The Florida Supreme Court decided that school vouchers violate the state constitution.
The narrow question we address is whether [vouchers] violates a part of the Florida Constitution requiring the state to both provide for “the education of all children residing within its borders” and provide “by law for a uniform, efficient, safe, secure, and high quality system of free public schools that allows students to obtain a high quality education.”
I am not a lawyer. However, it seems to me that this ruling says that for any child to attend private school in Florida is a violation of that state’s Constitution. If I lived in Florida and paid for my daughter to attend private school, then according to the Florida Supreme Court Florida would be derelict in its duty to educate my daughter in a public school that is uniform, efficient, safe, etc.
UPDATE: I should point out that the ruling states:
Our decision does not deny parents recourse to either public or private school alternatives to a failing school. Only when the private school option depends upon public funding is choice limited.
This limit is necessitated by the constitutional mandate in article IX, section 1(a), which sets out the state’s responsibilities in a manner that does not allow the use of state monies to fund a private school education.
But the wording that they quote from the state constitution does not make the distinction between private and public money. It says that the state has an obligation to provide for the education of all students. It seems to me that private schools either provide such an education or they don’t. If not, then the constitution seemingly forces every student to attend public school.
Of course, if the Florida constitution were interpreted as applying to all citizens, then there would be pressure to amend the constitution. Such pressure is less likely to come in this case, because the court punished the families of children from failing schools rather than picking a fight with all private school parents.
READER COMMENTS
Ivan Kirigin
Jan 6 2006 at 9:28am
Three cheers for a state relinquishing top-down control!
Perhaps it is something the particular voucher system in question, but in my understanding, public schools don’t close with vouchers. Schools only close if no students choose to spend their voucher there. In such a case, there are a total of zero children who are not being provided education.
The rest are being schooled at institutions (whether currently public or private) that they believe to be equal to or better than their previous institution.
I’m pretty sure that the current system violates the law, if, like most states, Florida has a failing public education system.
KipEsquire
Jan 6 2006 at 9:55am
“it seems to me that this ruling says that for any child to attend private school in Florida is a violation of that state’s Constitution”
No, it’s just unconstitutional for the state to pay for it. Which is ludicrous enough.

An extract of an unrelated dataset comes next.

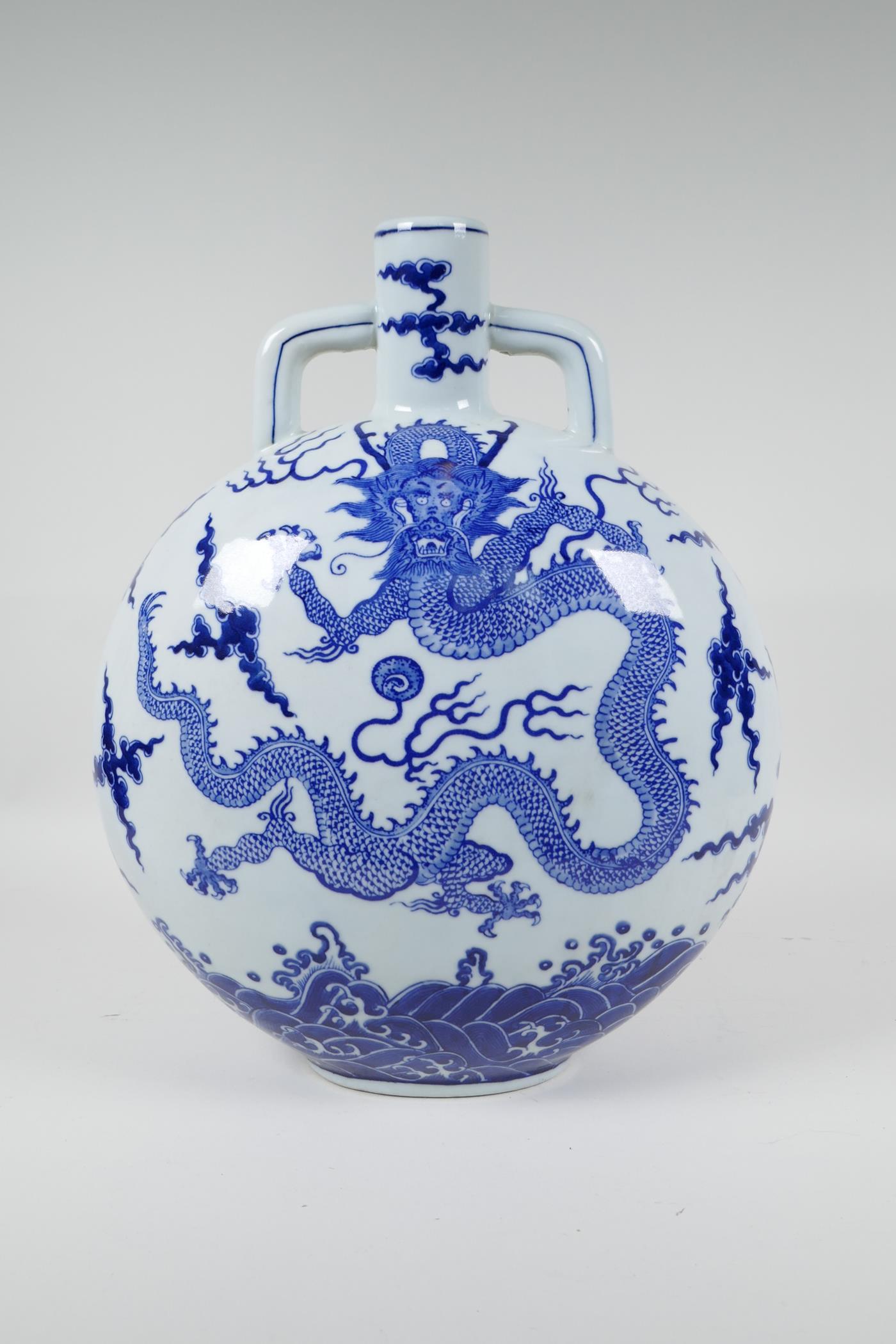 A Chinese blue and white porcelain moon flask decorated with a dragon chasing the flaming pearl,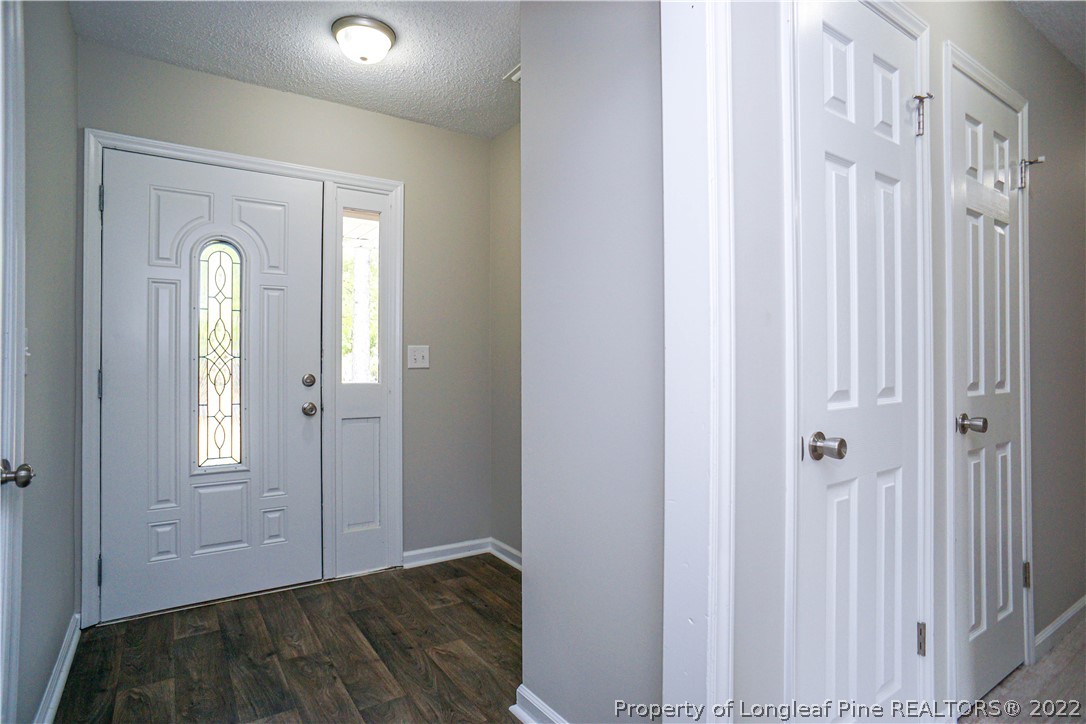 974 Rim Road Fayetteville, NC 28314 - Photo 3 of 40 a view of a room with wooden floor and front door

“Shabby but equal” is inherently unequal.
Patrick R. Sullivan
Jan 6 2006 at 10:24am
Actually, it probably was the intention of the legislature in Florida to deny the right of parents to privately educate their children. This is about the ‘mini Blaine Amendments’ that were passed in the late 19th century with the support of the anti-Catholic bigots in the Know Nothing Party.
Including the KKK. Oregon actually did outlaw private schools, but the US Supreme Court found that law unconstitutional.
T.R. Elliott
Jan 6 2006 at 1:32pm
Look further. It helps to read the whole document. E.g. page 30: ‘The provision states that income and interest from the State School Fun may be appropriate “only to the support and maintenance of free public schools”‘
It seems the justices made the right call on legal ground, based on the state’s constitution. The rule of law is the first step in a society that respects property rights. Without the rule of law, we have anarchy.
Now I’m not a lawyer either, nor a psychologist, but I claim that you cherry picked the results of this court decision on ideological grounds, not legal grounds.
Or maybe just didn’t have time to read the whole decision.
daveg
Jan 6 2006 at 2:29pm
Actually, it probably was the intention of the legislature in Florida to deny the right of parents to privately educate their children. This is about the ‘mini Blaine Amendments’ that were passed in the late 19th century with the support of the anti-Catholic bigots in the Know Nothing Party.
Including the KKK. Oregon actually did outlaw private schools, but the US Supreme Court found that law unconstitutional.
I hate to say this, but I loath the idea of state funding for Muslim Schools, so I have to say there should be no funding for any religious institutions.
I note that there are orthodox Jewish schools in upstate New York that have received state funding for years. They routinely get slapped by the courts, but they proceed to basically ignore the ruling and noone is sent to jail.
This was the case as of a few years ago. They may have finally shut it down, but I wouldn’t bet on it.
James
Jan 6 2006 at 3:58pm
I wonder what the opponents of vouchers think of Pell grants…
T.R. Elliott
Jan 8 2006 at 1:46pm
Mr Kling: Thanks for the update. But you are still pressing blame on the florida supreme court that more appropriately should be directed to the legislature. The supreme court did not write the constitution. I find it nonsensical to attribute to them the language that makes it sound as if all children must attend public schools. First, is there a case you are referencing regarding the inability for children to attent private school? Of course not. The justices, in the majority, bring up the fact that parents have the liberty to decide their children’s education. But that does not have any bearing upon (a) the responsibilities of the state to put in place a public system of education nor (b) the right of parents to acquire funds contributed by all to the state education system.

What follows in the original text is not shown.